Cair para dentro, com Valério Romão

Opinião sobre o texto de Valério Romão

Cair para dentro é um livro que vem fechar o ciclo de três romances a que Valério Romão resolveu dar o sincero mas visceral nome de «paternidades falhadas». Eu, que gosto de andar sempre ao contrário, não li os primeiros dois romances da trilogia – Autismos e O de Joana –, mas a verdade é que Cair para dentro foi uma daquelas compras precipitadas e quase violentas que fazemos quando não vamos à procura de nada numa livraria mas encontramos algum livro (ou algum autor, como foi o caso) que simplesmente temos de levar connosco. 

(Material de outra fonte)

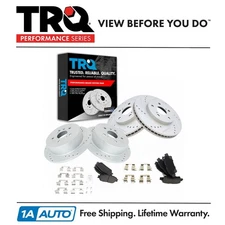 TRQ Front & Rear Posi Semi-Metallic Brake Pad & Performance Coated Rotors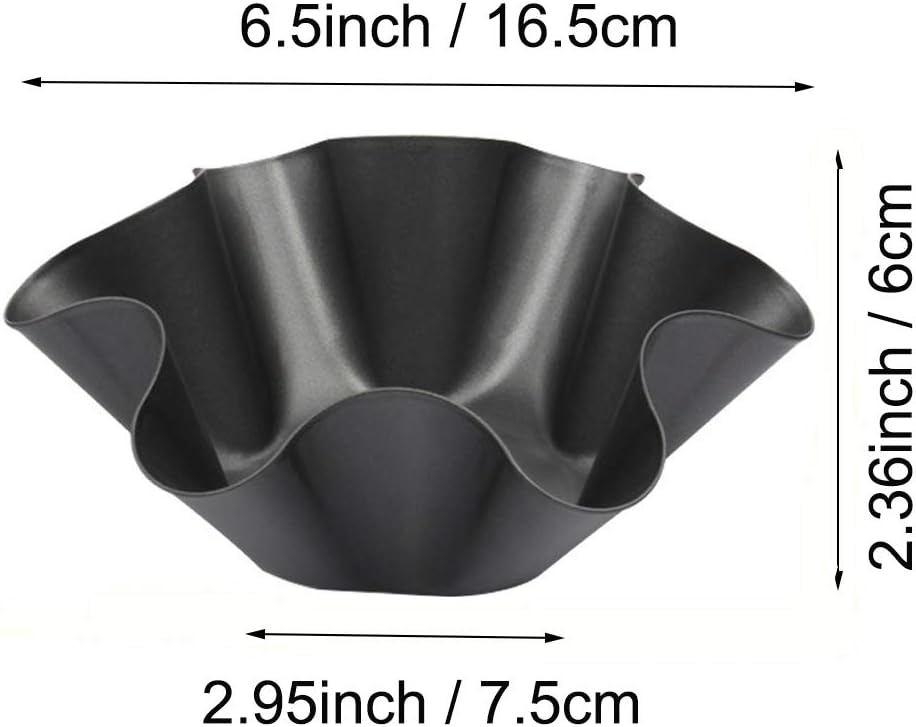 Skiennix Tortilla Pan Set - 6 Pack Carbon Steel Non-Stick Taco Shell Makers with Silicone Potholder & Basting Brush - Black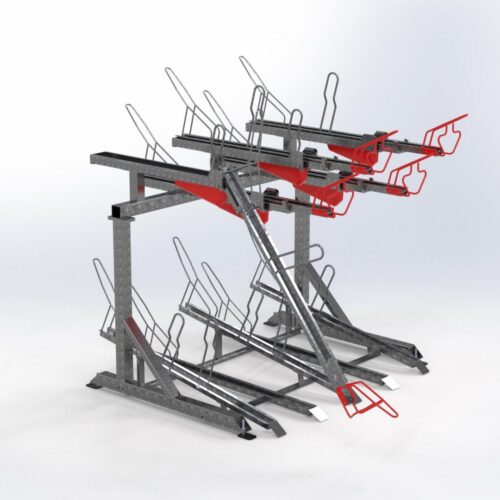 Tweelaags fietsenrek 2Tier+ 24 Tweelaags fietsenrekken, de ruimtebesparende oplossing.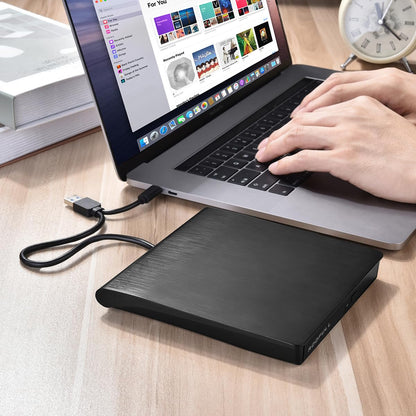 ROOFULL External CD DVD +/-RW Drive for Laptop Mac, USB 3.0 & USB-C CD DVD Disc Reader Writer Burner CD-ROM Portable DVD Player with Carrying Case for Windows 11/10 PC MacBook Pro Linux Computer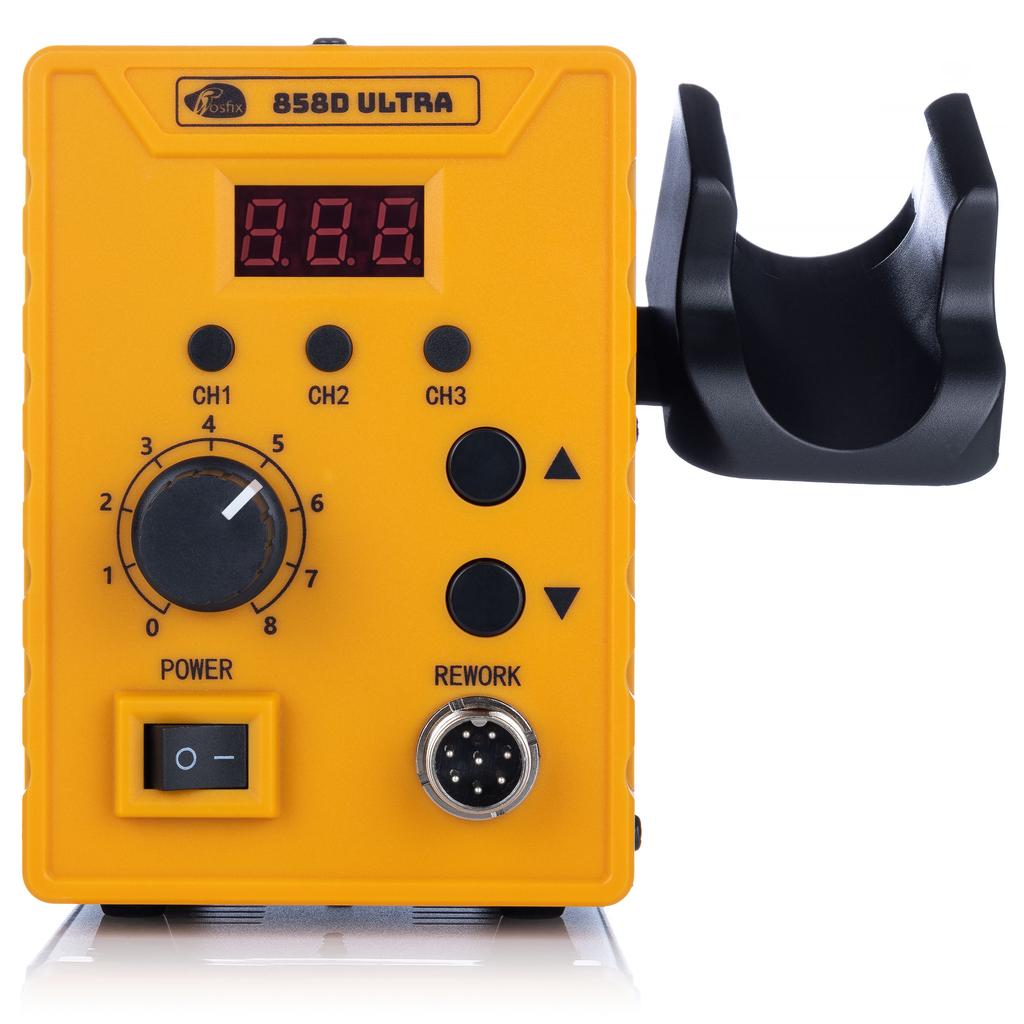 Rosfix 858D Ultra Sıcak Hava 700W – Havya İstasyonu ve Plastik Kaynak Makinesi | 100-500°C | 120 l/dk | 3 Başlık ve Havya Sensörü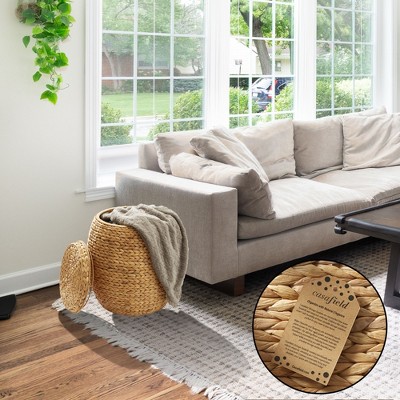 Natural Water Hyacinth Round Storage Basket with Lid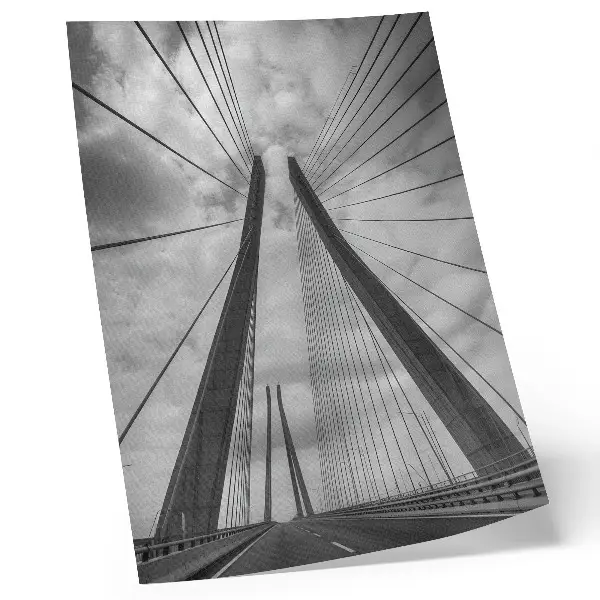 Decoratieve poster met moderne touwbrug in symmetrische elegantie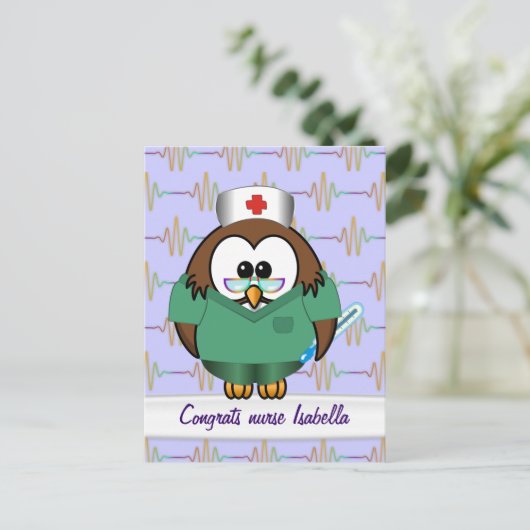 Eule Postkarte (Stehend Vorderseite)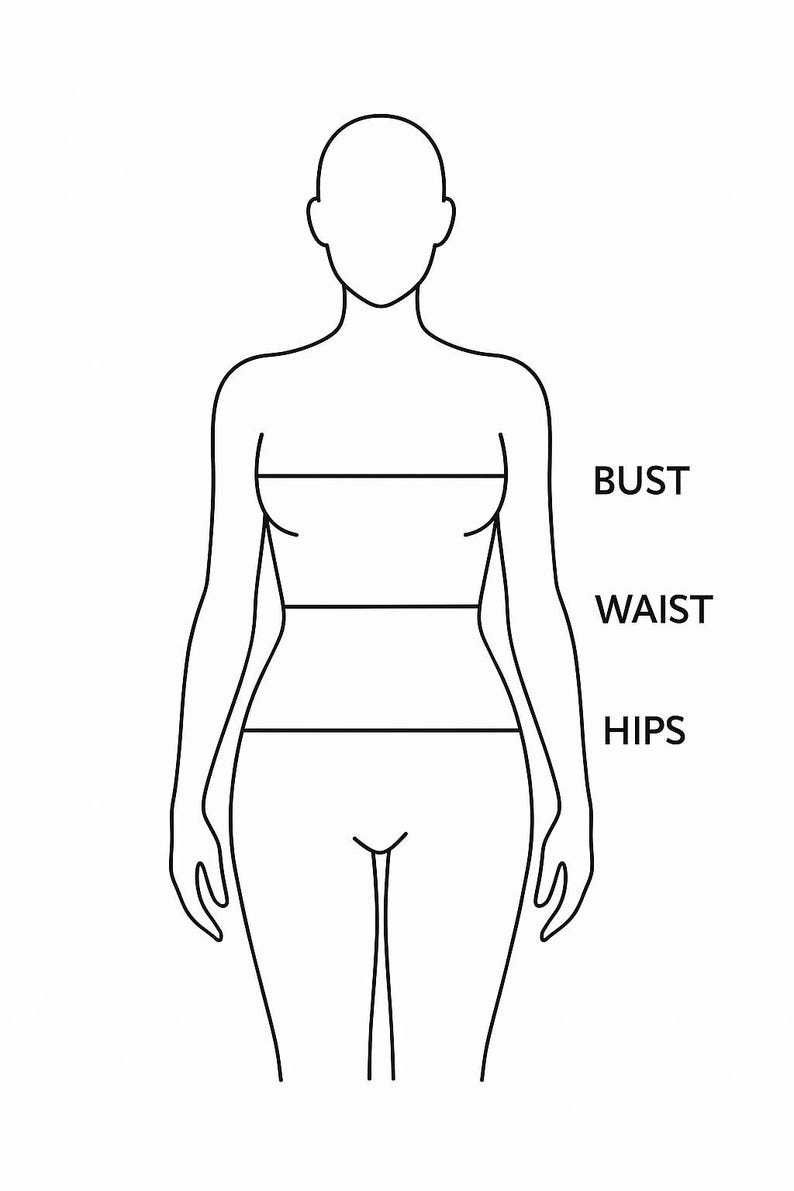 K&ouml;nnte beinhalten: Linienzeichnung eines menschlichen K&ouml;rpers mit Linien, die die Ma&szlig;e von Brust, Taille und H&uuml;fte angeben.
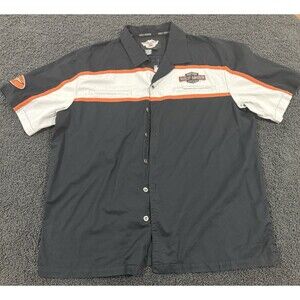 Vintage HARLEY-DAVIDSON Embroidered SS Button Down Garage Shirt Sz XL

Assim, feito o desabafo, mas sabendo que o tema (a família e as suas disfunções) e, sobretudo, a linguagem de Romão (que conheci através do Facas de que já aqui vos falei) são duros de roer, mergulhei neste livro de cabeça, desrespeitando a ordem de publicação da trilogia – o que, entretanto, posso dizer que é um exercício igualmente interessante e que em nada desvirtua a leitura dos restantes romances.

Mas, afinal, de que trata Cair para dentro? É simples: sobre uma relação de desequilíbrio (e, aliás, quase de total descompensação) entre uma mãe, Virgínia, e uma filha, Eugénia. A primeira é controladora e procura, em certa medida, preencher a ausência de um marido sempre bebido e preso a um «cemitério de beatas» que a abandonou ao ver nascer-lhe uma menina. A segunda é uma rapariga ineficiente, que engoliu poesia em seco toda a vida, estudou Filosofia (como, aliás, Valério Romão) e que da vida pouco ou nada sabe por lhe ter sido vedado tudo. Ambas vão decaindo no que lhes falta e no que lhes é lentamente tirado até que Eugénia (longe de ser adulta) se vê obrigada a ser mãe quando Virgínia se esvai nas mãos do Alzheimer.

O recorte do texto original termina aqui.